↓↓↓

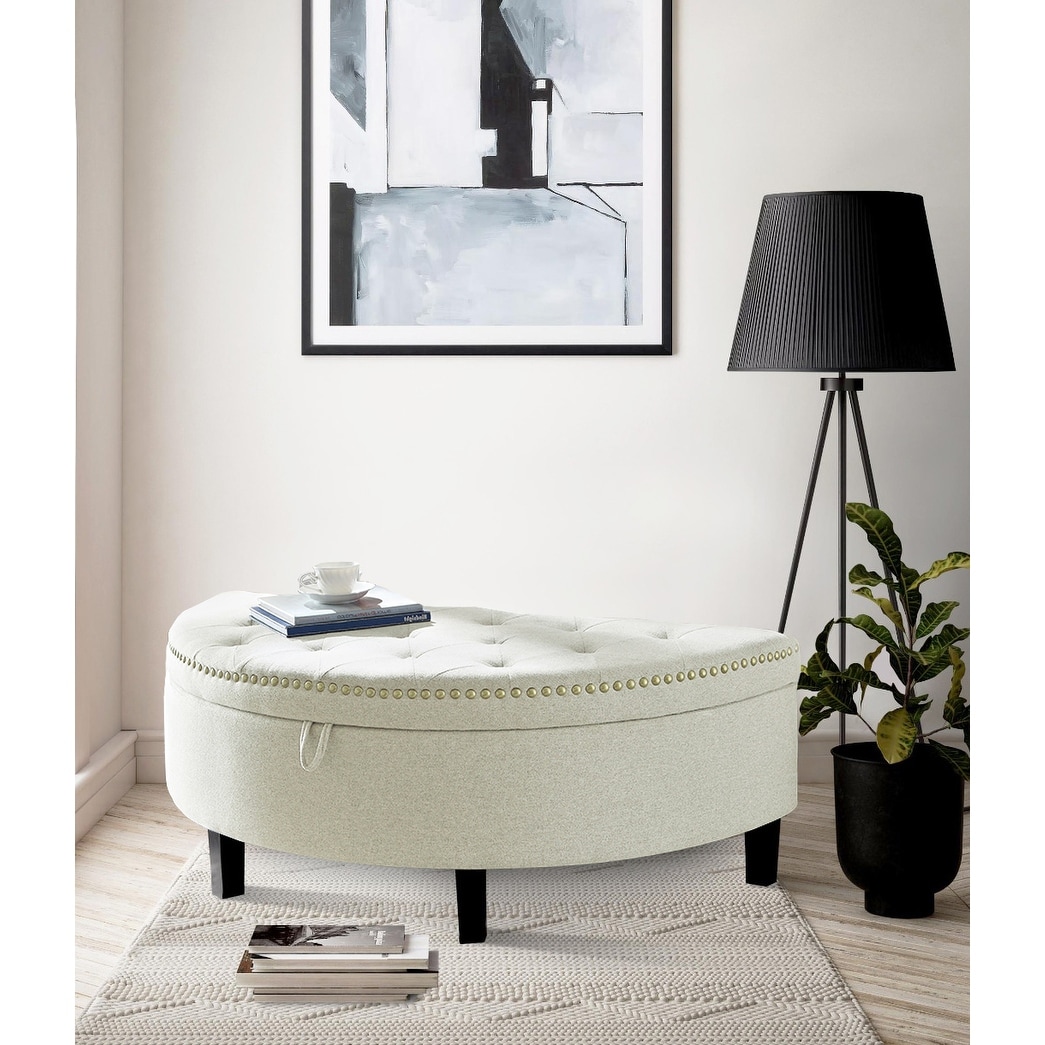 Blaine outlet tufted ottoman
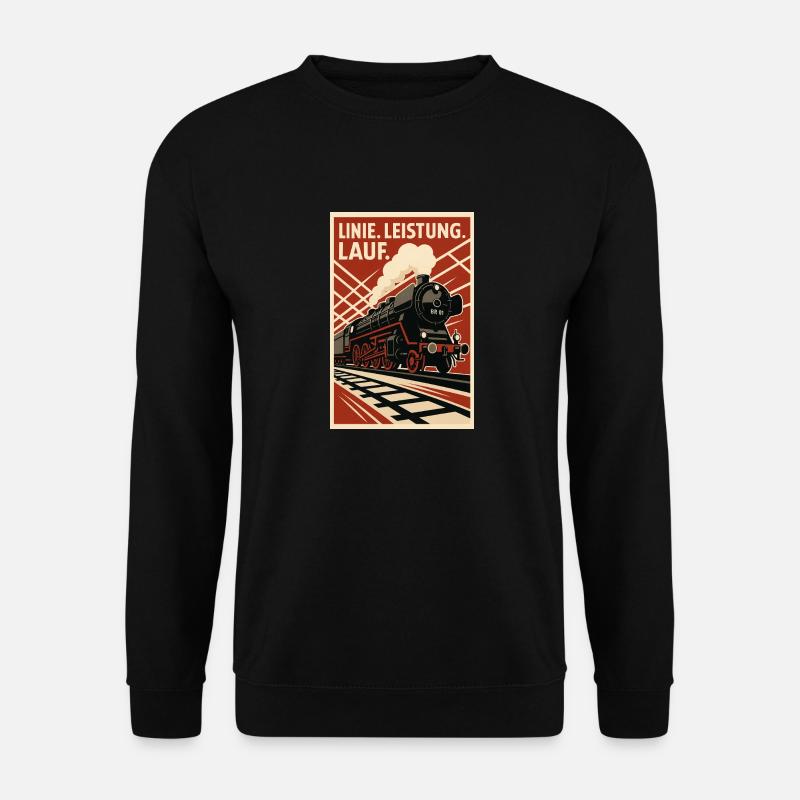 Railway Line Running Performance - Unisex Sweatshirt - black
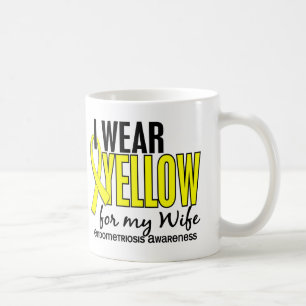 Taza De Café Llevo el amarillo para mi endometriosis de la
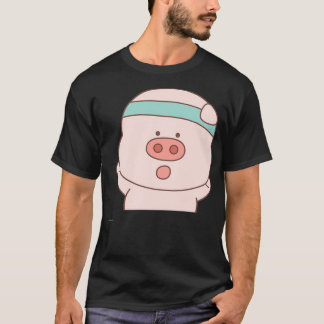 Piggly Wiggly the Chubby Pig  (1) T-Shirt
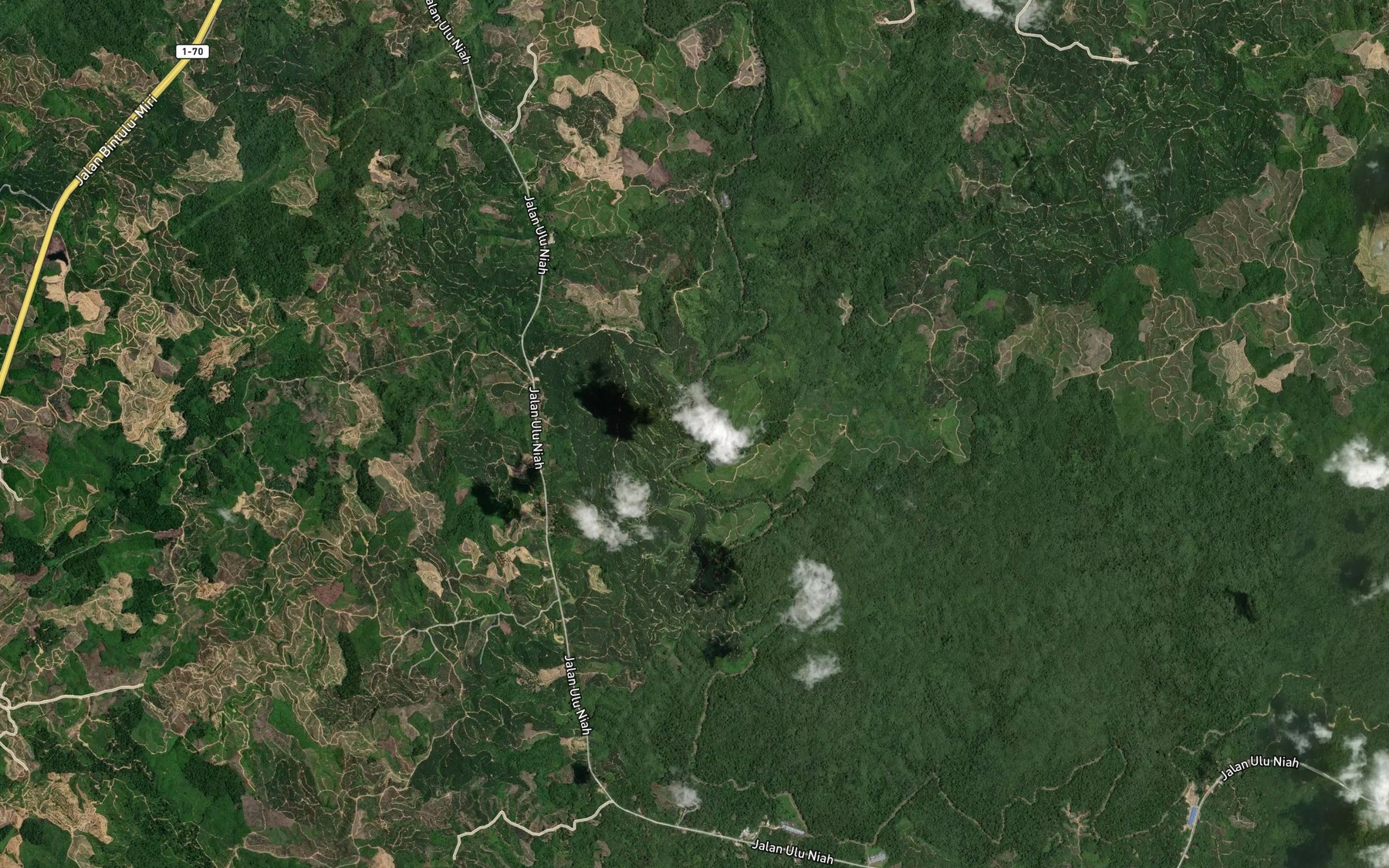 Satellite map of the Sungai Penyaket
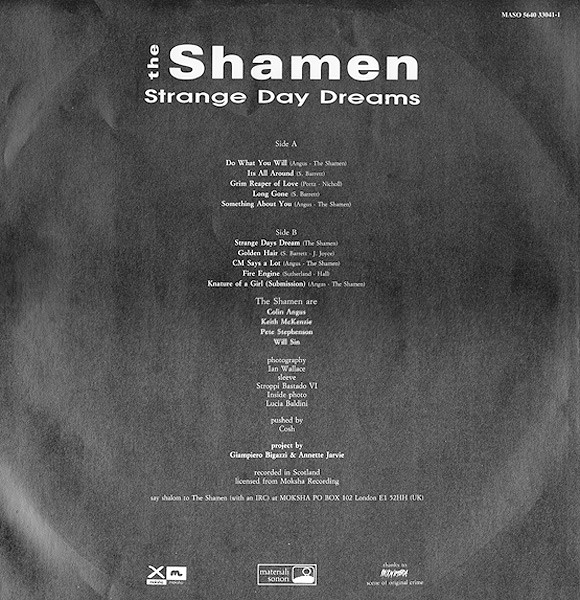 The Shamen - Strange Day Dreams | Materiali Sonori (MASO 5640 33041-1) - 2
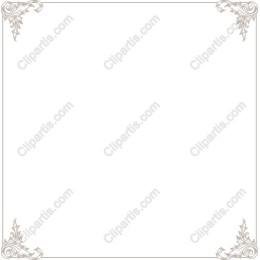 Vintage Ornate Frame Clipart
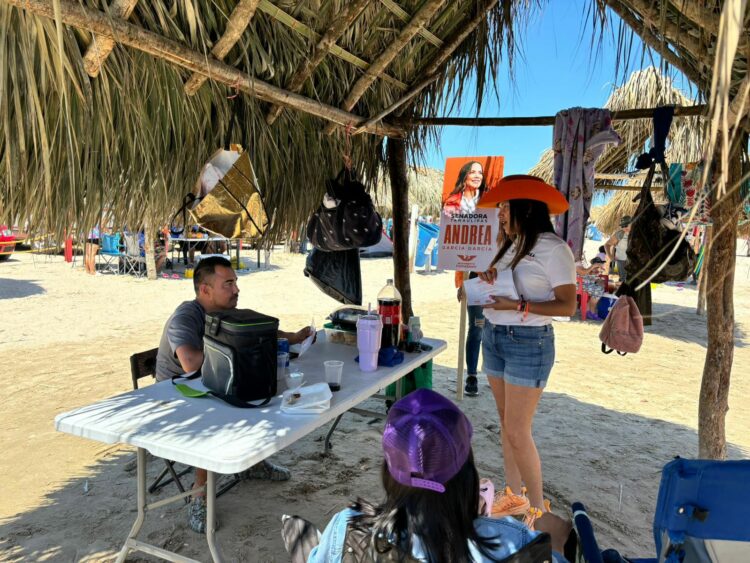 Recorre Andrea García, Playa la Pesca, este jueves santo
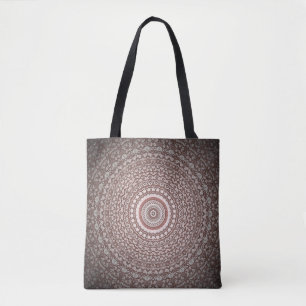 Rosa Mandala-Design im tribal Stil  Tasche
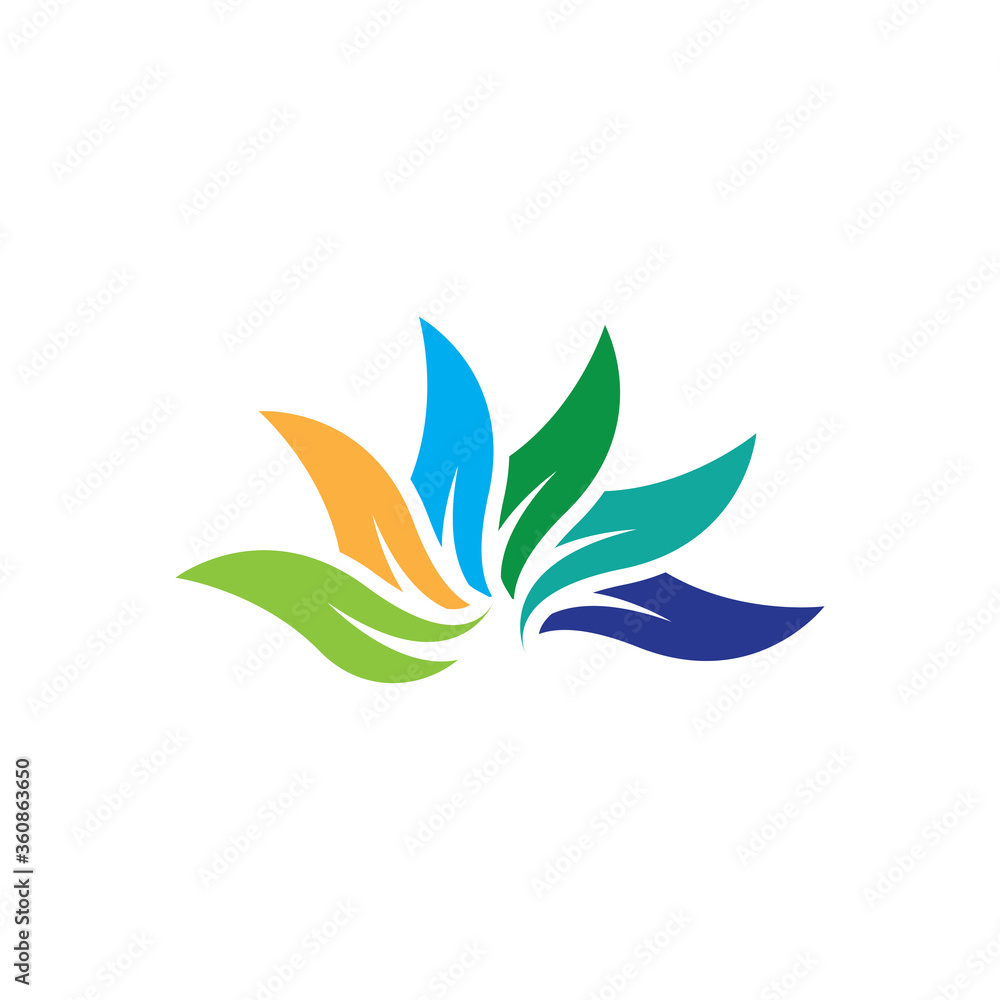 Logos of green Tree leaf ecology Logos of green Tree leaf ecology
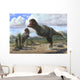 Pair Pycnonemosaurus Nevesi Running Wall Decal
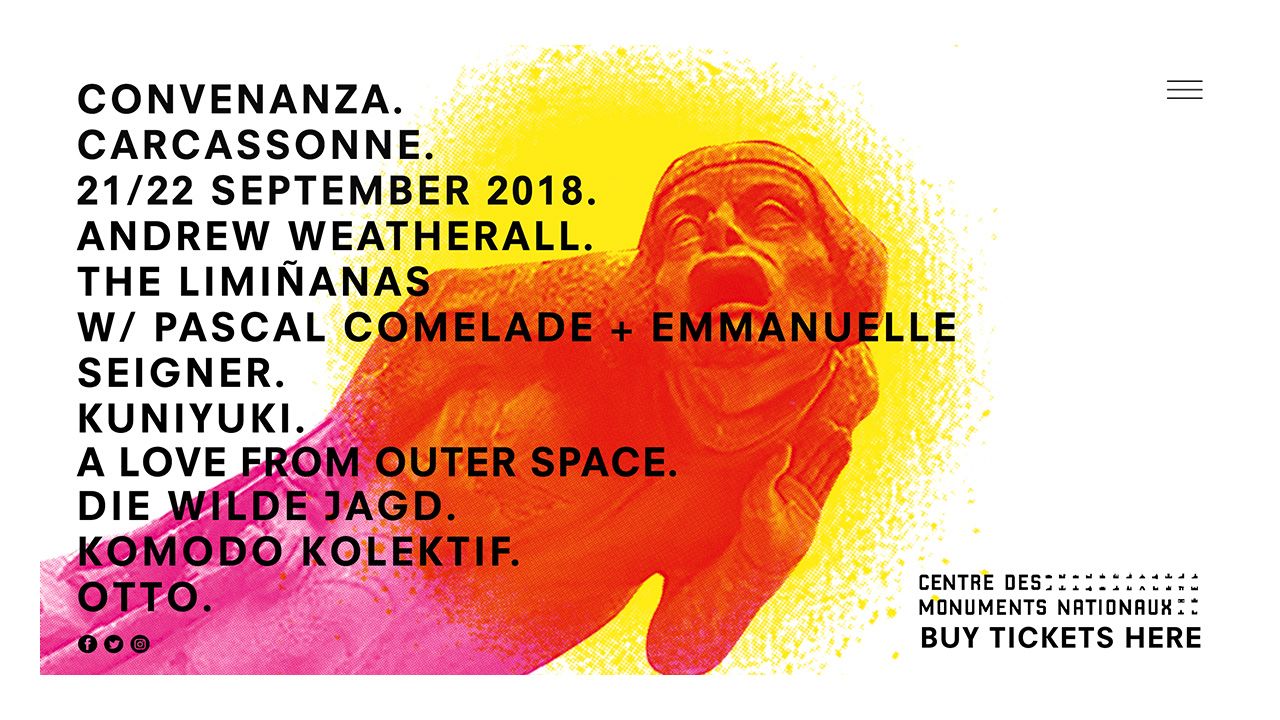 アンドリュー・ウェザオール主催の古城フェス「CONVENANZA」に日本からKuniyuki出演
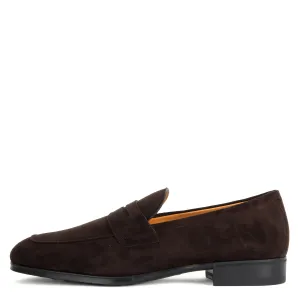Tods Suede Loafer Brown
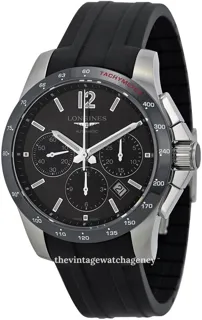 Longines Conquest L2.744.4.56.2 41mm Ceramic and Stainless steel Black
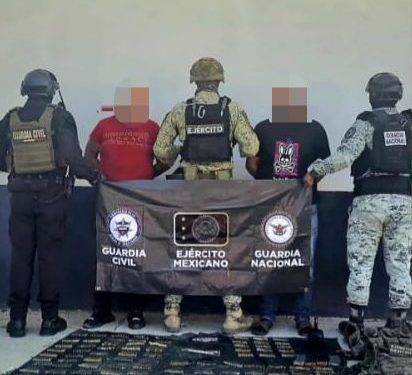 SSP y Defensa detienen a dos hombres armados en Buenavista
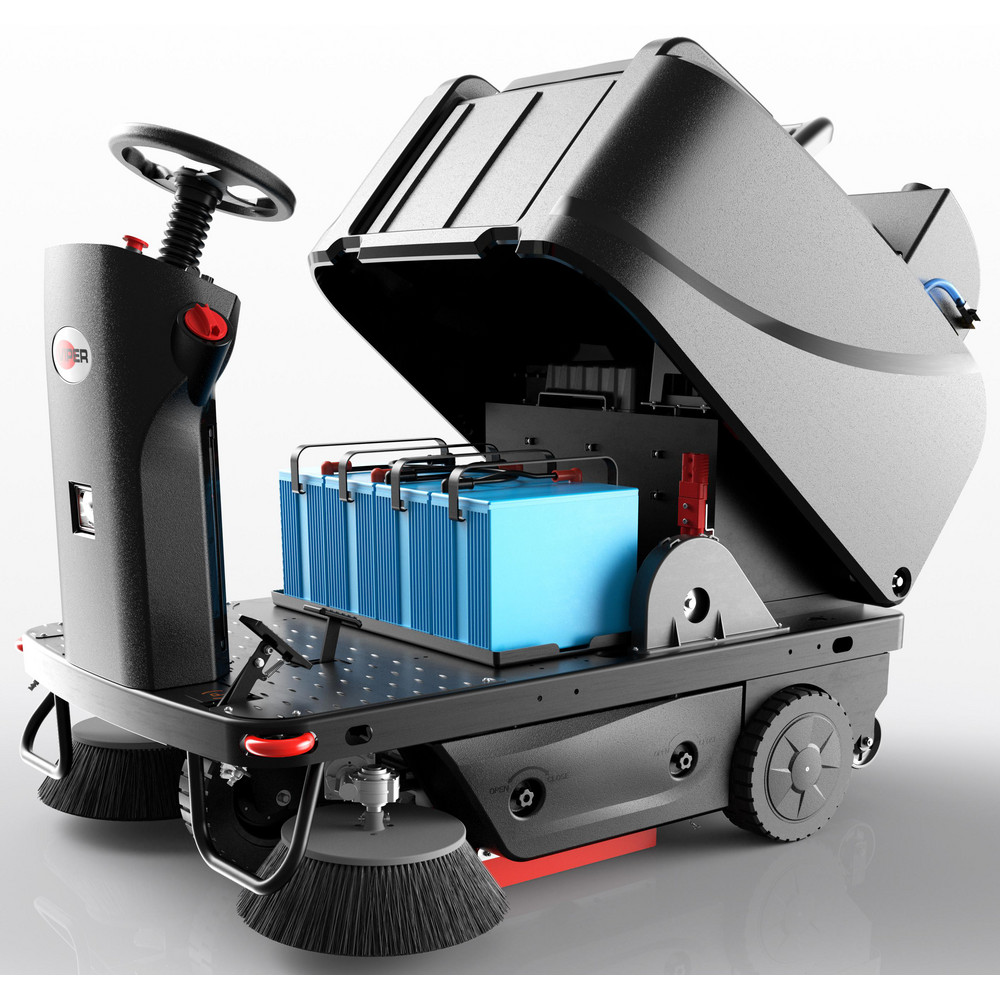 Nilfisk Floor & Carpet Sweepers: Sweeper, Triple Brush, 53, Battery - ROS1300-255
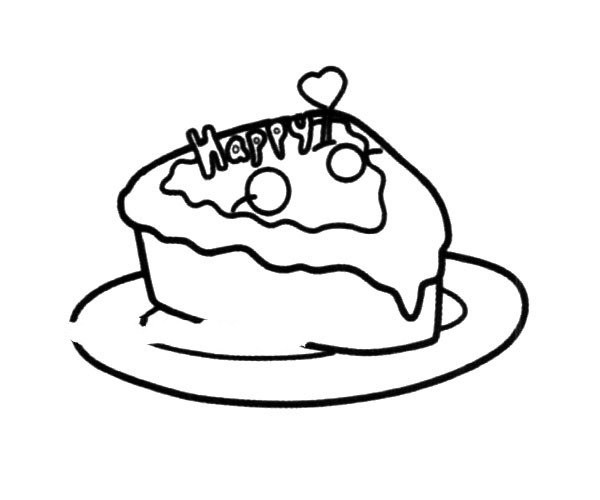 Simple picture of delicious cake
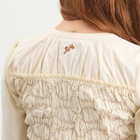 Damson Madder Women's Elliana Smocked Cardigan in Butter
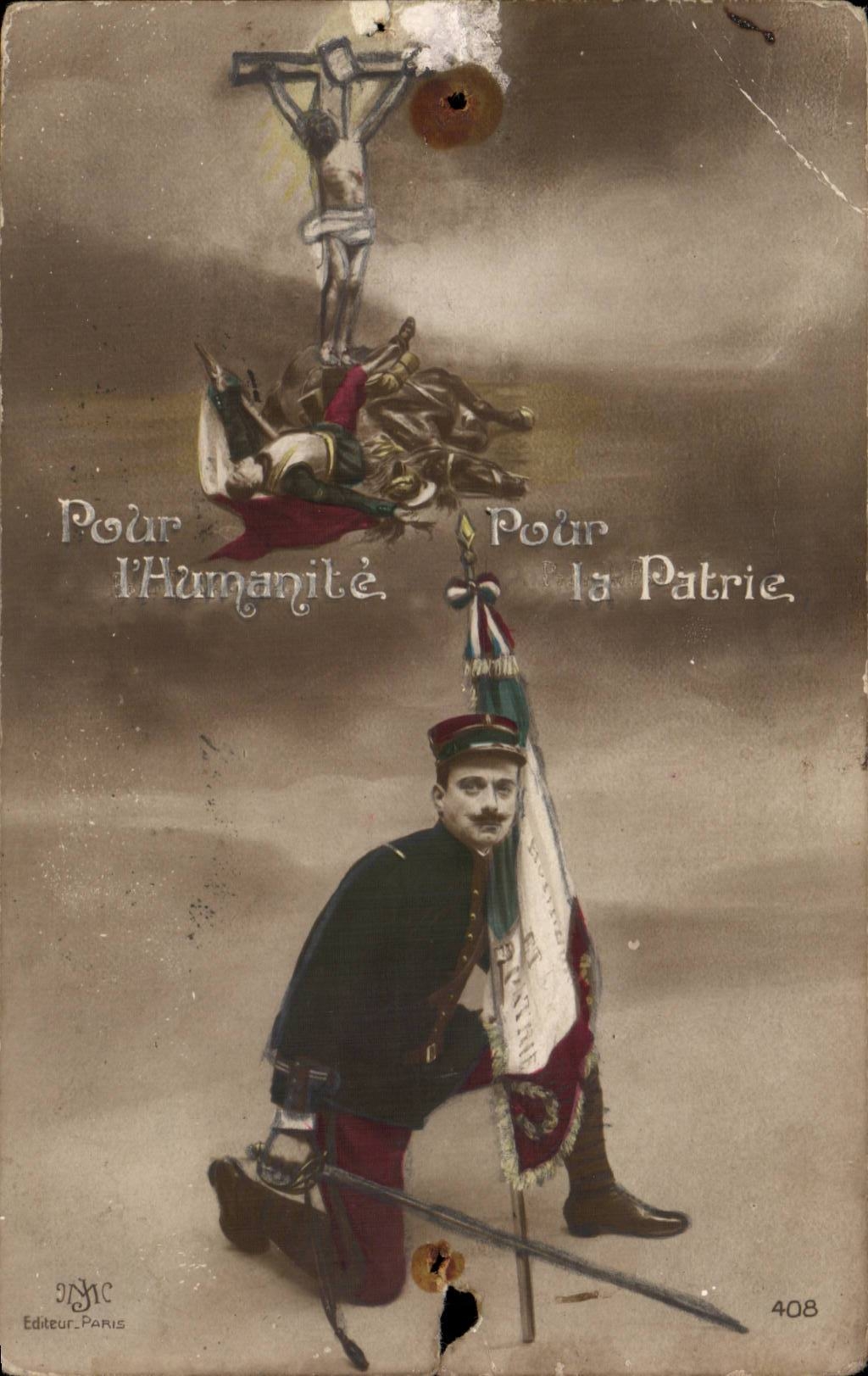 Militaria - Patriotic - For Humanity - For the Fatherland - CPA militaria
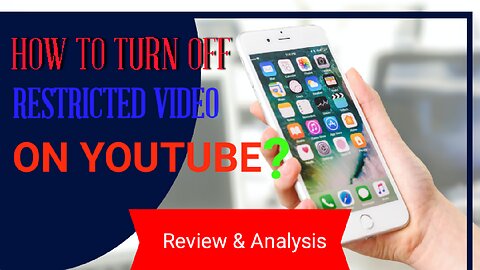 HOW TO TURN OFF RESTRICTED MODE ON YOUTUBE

↑↑↑

Return an exact transcription of the material, with its pictures left out.

 Blaine outlet tufted ottoman
 Railway Line Running Performance - Unisex Sweatshirt - black
 Taza De Café Llevo el amarillo para mi endometriosis de la
 Piggly Wiggly the Chubby Pig  (1) T-Shirt
 Satellite map of the Sungai Penyaket
 The Shamen - Strange Day Dreams | Materiali Sonori (MASO 5640 33041-1) - 2
 Vintage Ornate Frame Clipart
 Recorre Andrea García, Playa la Pesca, este jueves santo
 Rosa Mandala-Design im tribal Stil  Tasche
 Logos of green Tree leaf ecology Logos of green Tree leaf ecology
 Pair Pycnonemosaurus Nevesi Running Wall Decal
 アンドリュー・ウェザオール主催の古城フェス「CONVENANZA」に日本からKuniyuki出演
Tods Suede Loafer Brown
 Longines Conquest L2.744.4.56.2 41mm Ceramic and Stainless steel Black
 SSP y Defensa detienen a dos hombres armados en Buenavista
 Nilfisk Floor & Carpet Sweepers: Sweeper, Triple Brush, 53, Battery - ROS1300-255
 Simple picture of delicious cake
 Damson Madder Women's Elliana Smocked Cardigan in Butter
 Militaria - Patriotic - For Humanity - For the Fatherland - CPA militaria
 HOW TO TURN OFF RESTRICTED MODE ON YOUTUBE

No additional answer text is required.